Stored items:
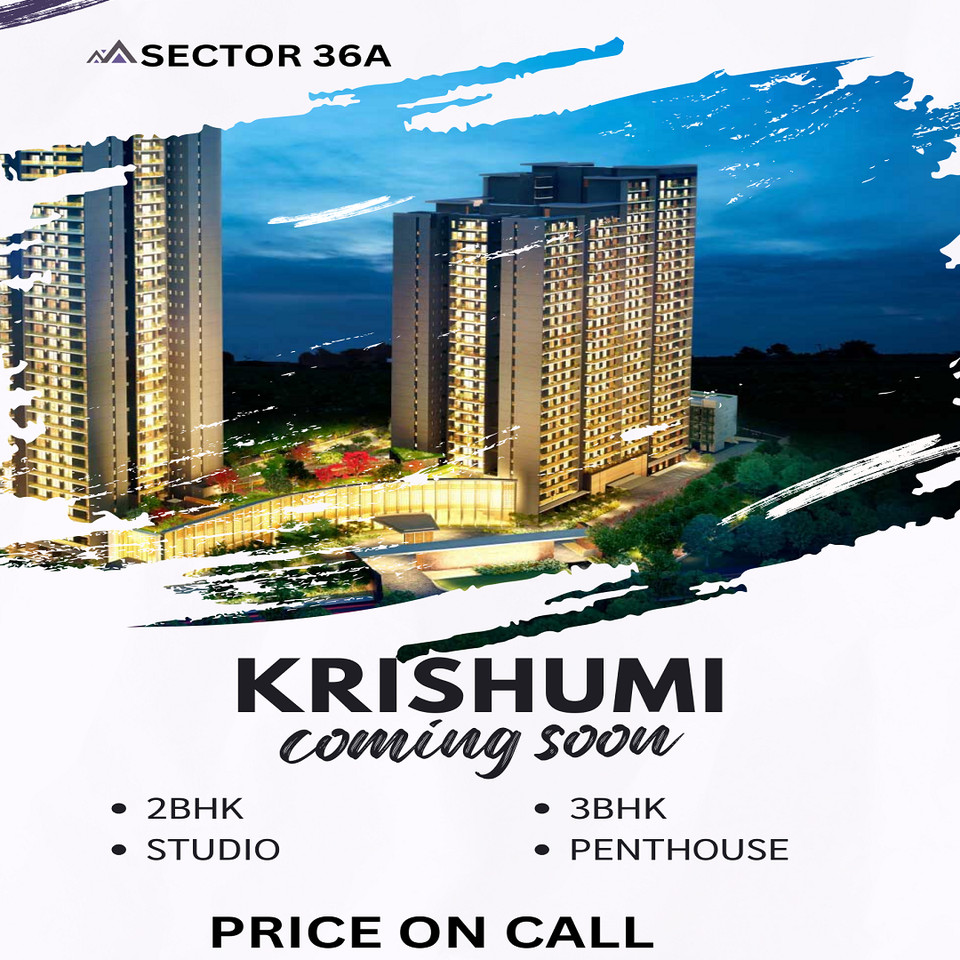 Krisumi's Upcoming Residential Marvel in Sector 36A: An Abode of Dreams Update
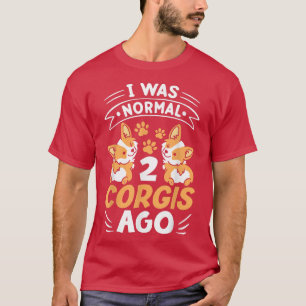 Funny Corgi Dog I Was Normal 2 Corgis Ago Dog Love T-Shirt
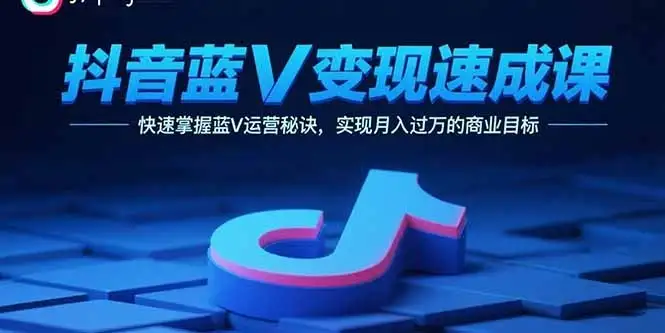 【精】抖音蓝V变现速成课，快速掌握蓝V运营秘诀，实现月入过万的商业目标-优优云创网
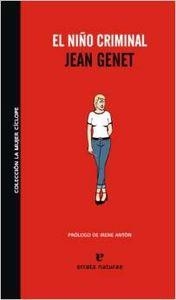 El niño criminal | 9788493714505 | Jean Genet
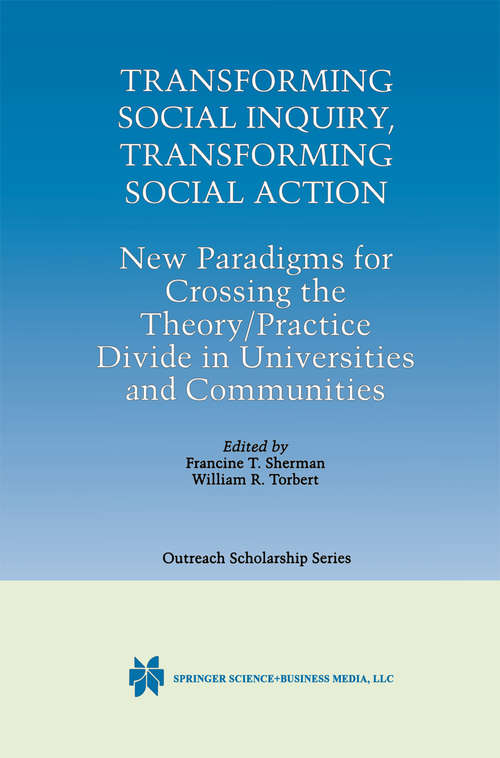 Book cover of Transforming Social Inquiry, Transforming Social Action: New Paradigms for Crossing the Theory/Practice Divide in Universities and Communities (2000) (International Series in Outreach Scholarship #4)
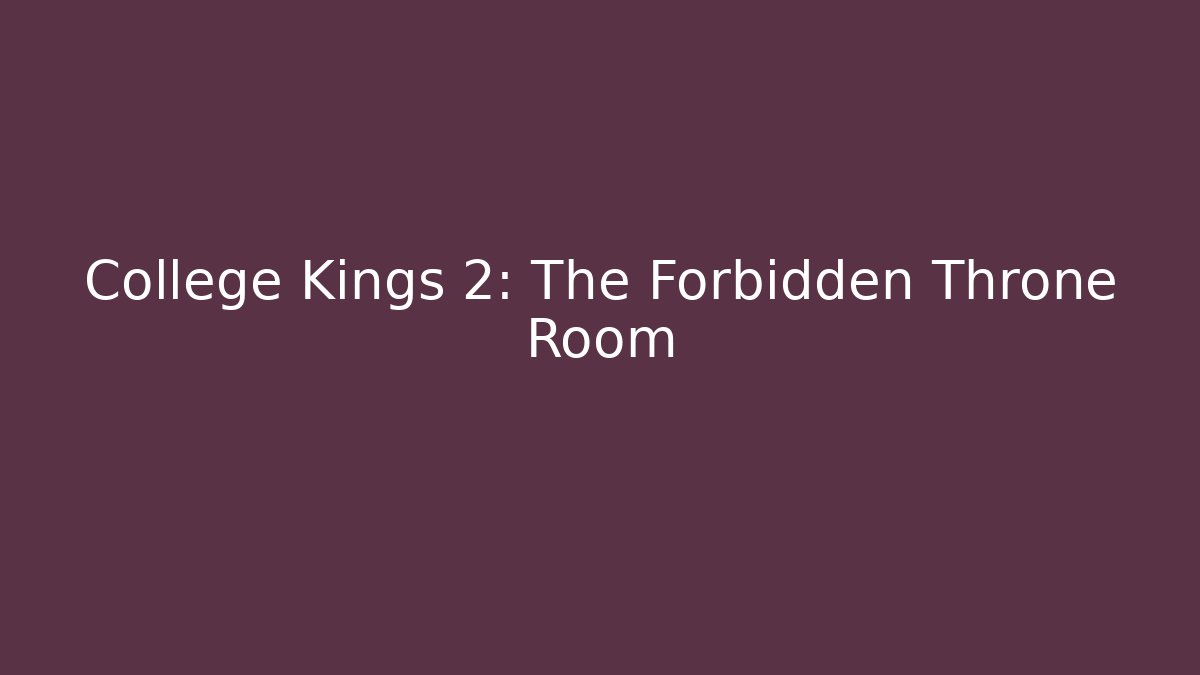 College Kings 2: The Forbidden Throne Room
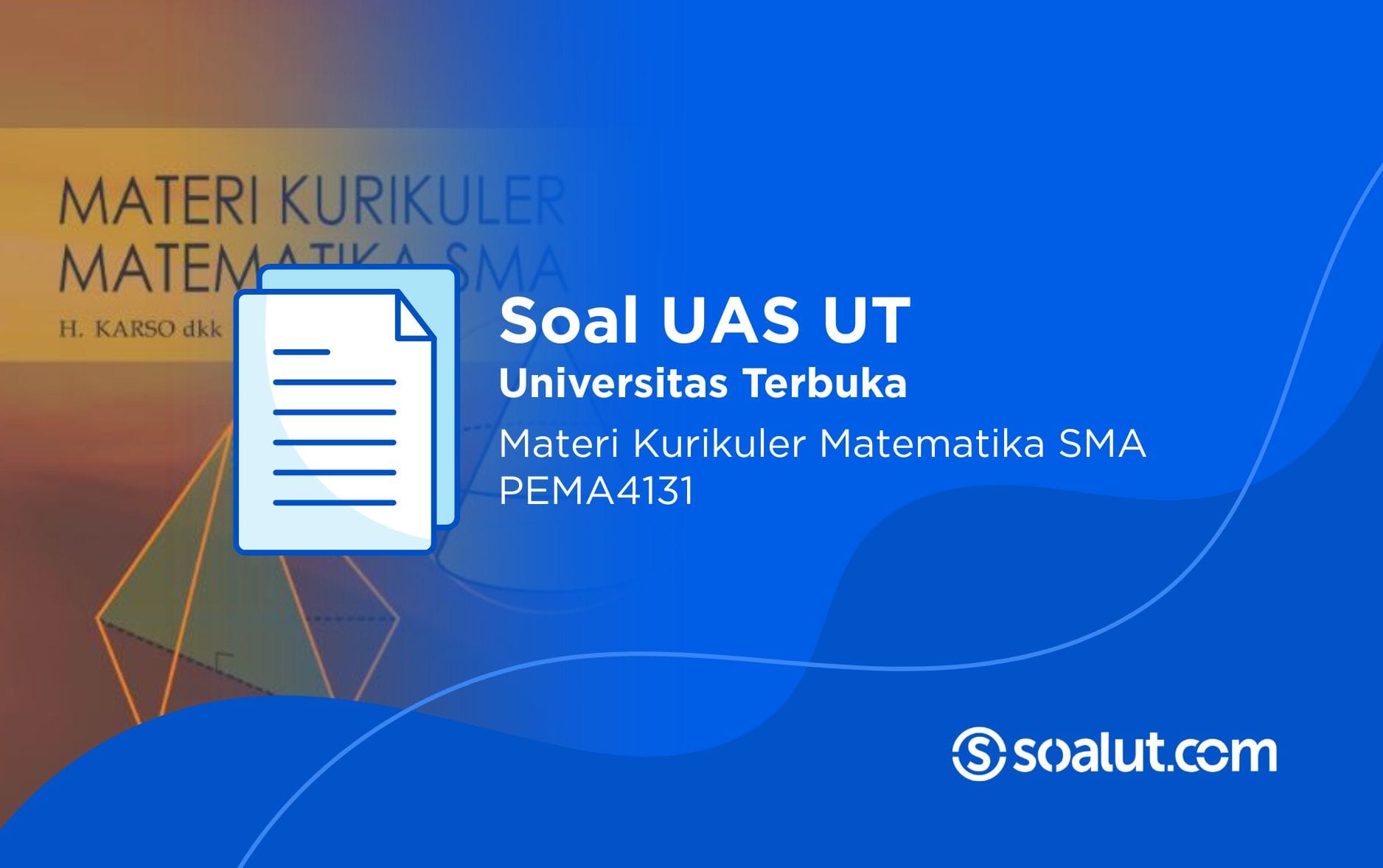 Soal UT PEMA4131 Materi Kurikuler Matematika SMA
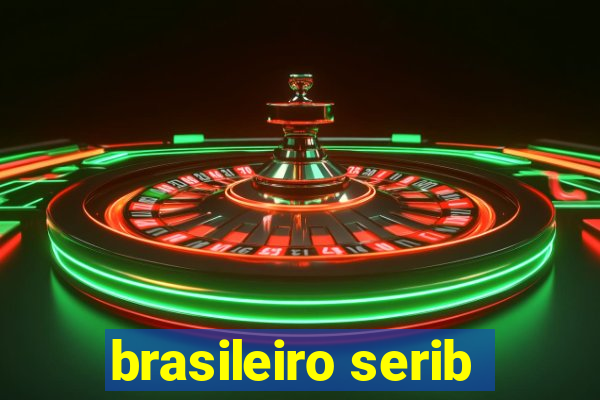 brasileiro serib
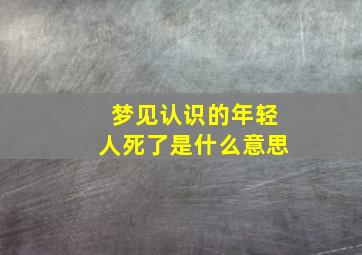 梦见认识的年轻人死了是什么意思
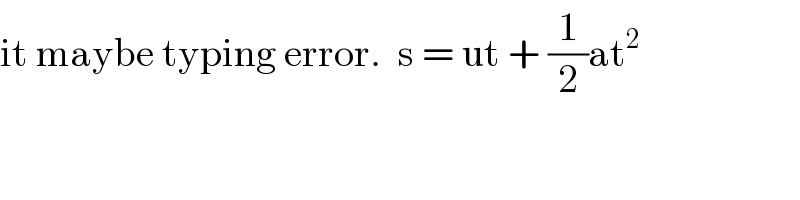 it maybe typing error.  s = ut + (1/2)at^2   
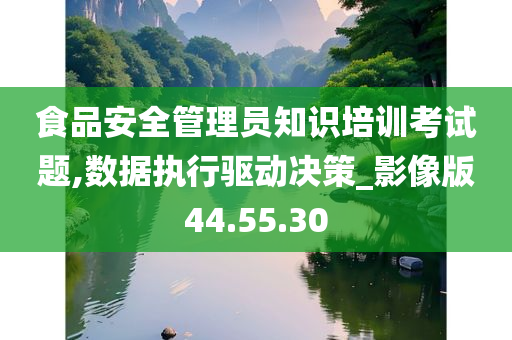 食品安全管理员知识培训考试题,数据执行驱动决策_影像版44.55.30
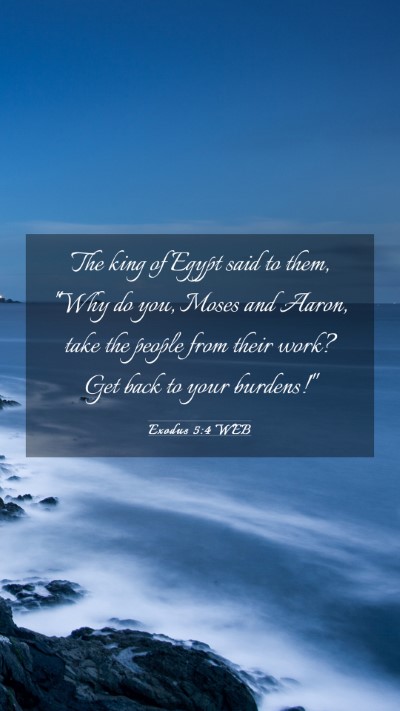 Picture 03 - Exodus 5:4 WEB Mobile Phone Wallpaper - The king of Egypt said to them, 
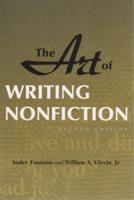Art of Writing Nonfiction (Revised)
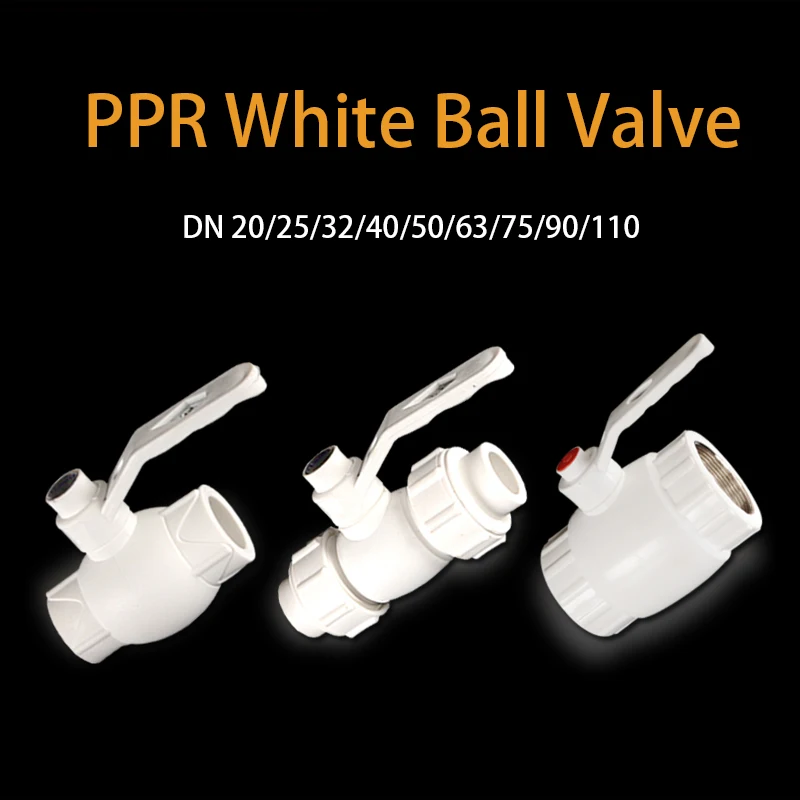 

White PPR Ball Valve 20/25/32/40/50/63/75/90/110 Hot Melt Female Thread Union Connector Joint Pipe Fitting Valve Adapter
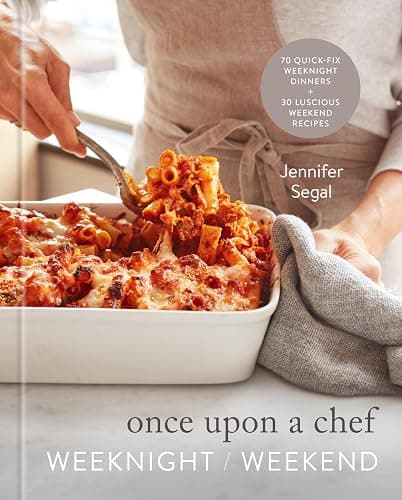 Once Upon a Chef: Weeknight/Weekend: 70 Quick-Fix Weeknight Dinners + 30 Luscious Weekend Recipes: A Cookbook - Image 1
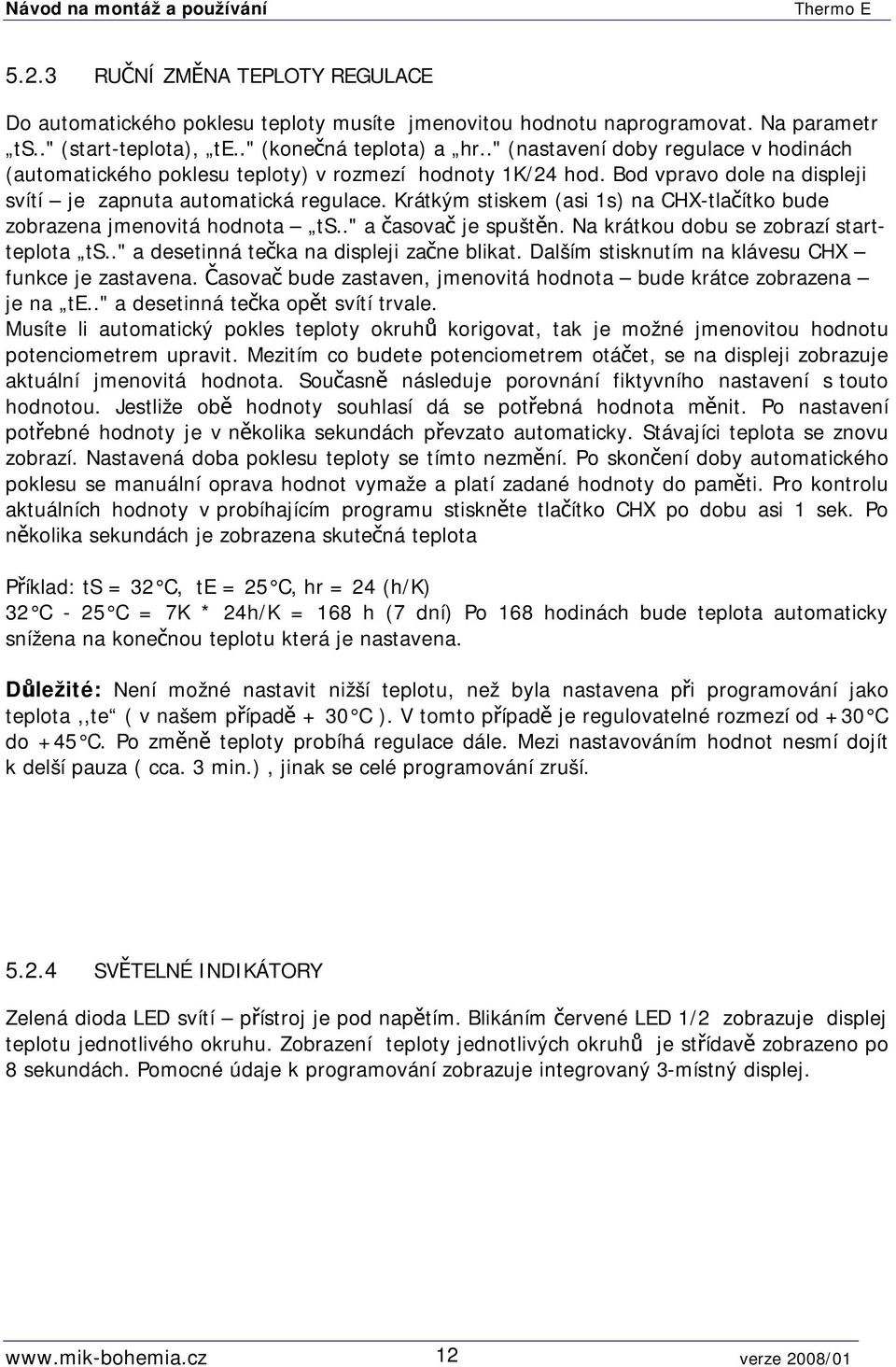 Krátkým stiskem (asi 1s) na CHX-tlačítko bude zobrazena jmenovitá hodnota ts.." a časovač je spuštěn. Na krátkou dobu se zobrazí startteplota ts.." a desetinná tečka na displeji začne blikat.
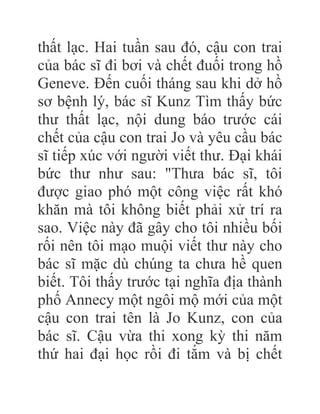 thất lạc. Hai tuần sau đó, cậu con trai
của bác sĩ đi bơi và chết đuối trong hồ
Geneve. Đến cuối tháng sau khi dở hồ
sơ bệnh lý, bác sĩ Kunz Tìm thấy bức
thư thất lạc, nội dung báo trước cái
chết của cậu con trai Jo và yêu cầu bác
sĩ tiếp xúc với người viết thư. Đại khái
bức thư như sau: "Thưa bác sĩ, tôi
được giao phó một công việc rất khó
khăn mà tôi không biết phải xử trí ra
sao. Việc này đã gây cho tôi nhiều bối
rối nên tôi mạo muội viết thư này cho
bác sĩ mặc dù chúng ta chưa hề quen
biết. Tôi thấy trước tại nghĩa địa thành
phố Annecy một ngôi mộ mới của một
cậu con trai tên là Jo Kunz, con của
bác sĩ. Cậu vừa thi xong kỳ thi năm
thứ hai đại học rồi đi tắm và bị chết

▶ **PROBLEM DETAILS**
Please extract exactly, and only, the lines from the line containing "biết. Tôi thấy trước tại nghĩa địa thành" through the last line of the records.

▶ **ANSWER BOX**
biết. Tôi thấy trước tại nghĩa địa thành
phố Annecy một ngôi mộ mới của một
cậu con trai tên là Jo Kunz, con của
bác sĩ. Cậu vừa thi xong kỳ thi năm
thứ hai đại học rồi đi tắm và bị chết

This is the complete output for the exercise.